Question

Part A

Compute the energy separation between the ground and second excited states for an electron in a one-dimensional box that is 7.70 angstroms in length. Express the energy difference in kJ⋅mol−1.

Express your answer to three significant figures and include the appropriate units.

Part B

Compute the wavelength of light (in nm) corresponding to this energy.

Express your answer to three significant figures and include the appropriate units.

Answer 1

The energy of a particle in the n^th level, according to the particle in a box model is given by:

$E_{n}=\frac{n^{2}\cdot h^{2}}{8\cdot m\cdot L^{2}}$

Where n is the level number, h is Planck's constant, m is the mass of the electron and L is the length of the box.

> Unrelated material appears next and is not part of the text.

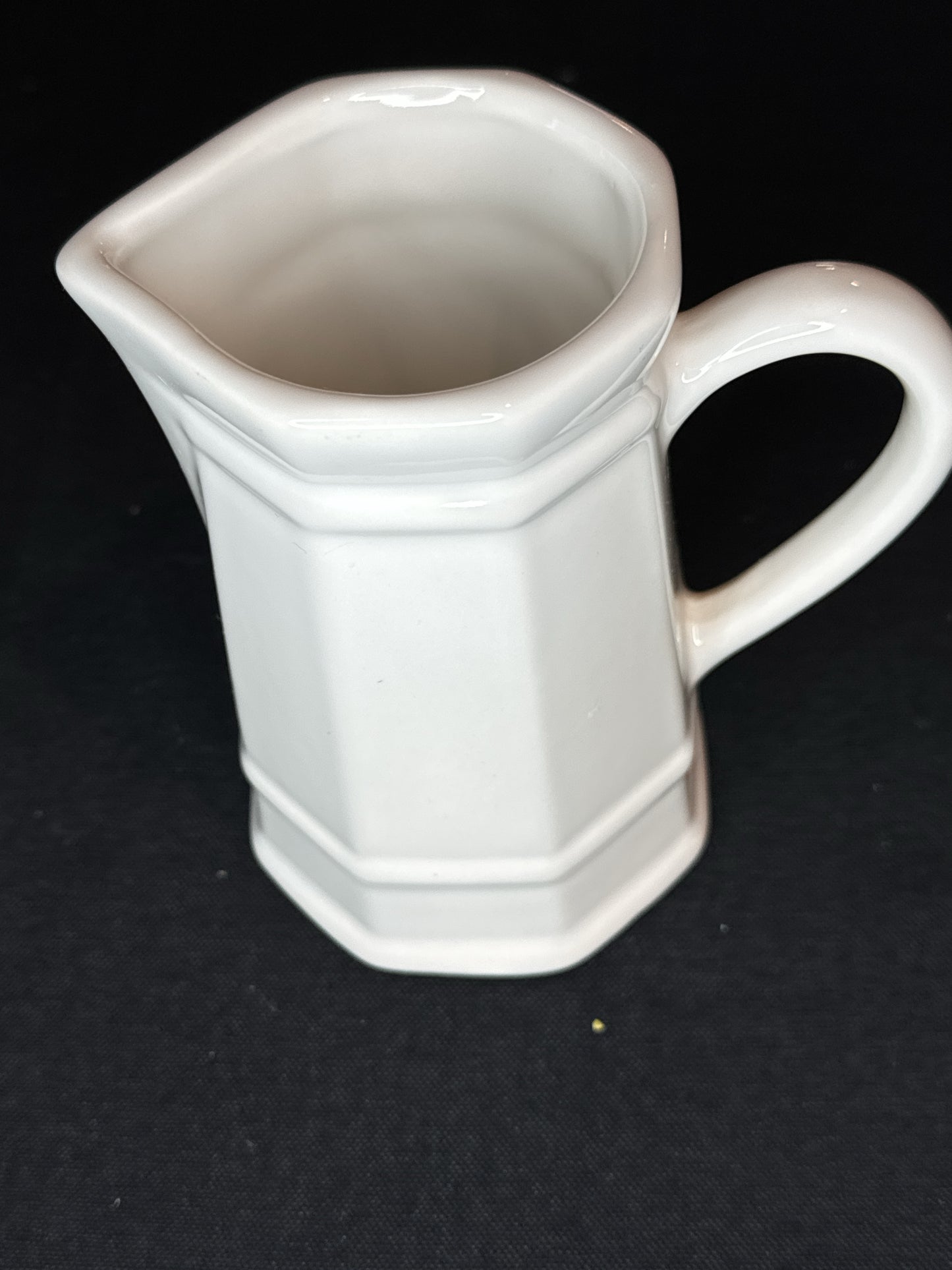 Vintage Pfaltzgraff Heritage White Stoneware Creamer and Sugar Bowl w/ Lid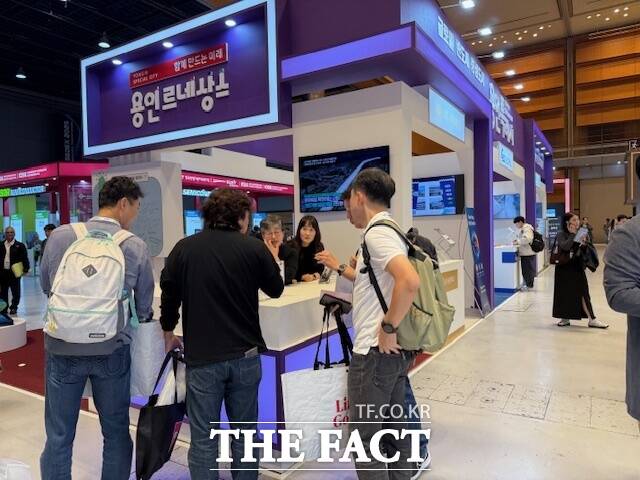 지난해 열린 반도체대전에서 용인시 전시관을 찾은 관람객들이 관계자와 상담하는 모습. /용인시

The energy difference we are looking for is:

$\Delta E=E_{3}-E_{1}=(9-1)\cdot \frac{h^{2}}{8\cdot m\cdot L^{2}}=\frac{h^{2}}{m\cdot L^{2}}=\frac{(6.63x10^{-34}J\cdot s)^{2}}{9.11x10^{-31}kg\cdot (7.70x10^{-10}m)^{2}}=8.14x10^{-19}J$

In order to convert this to a wavelength, we need to use the relation:

$E=\frac{h\cdot c}{\lambda }$

Where c is the speed of light and lambda is the wavelength. We rearrange and solve:

$\lambda =\frac{h\cdot c}{E}=\frac{6.63x10^{-34}J\cdot s\cdot 3x10^{8}m/s}{8.14x10^{-19}J}=2.44x10^{-7}M=244nm$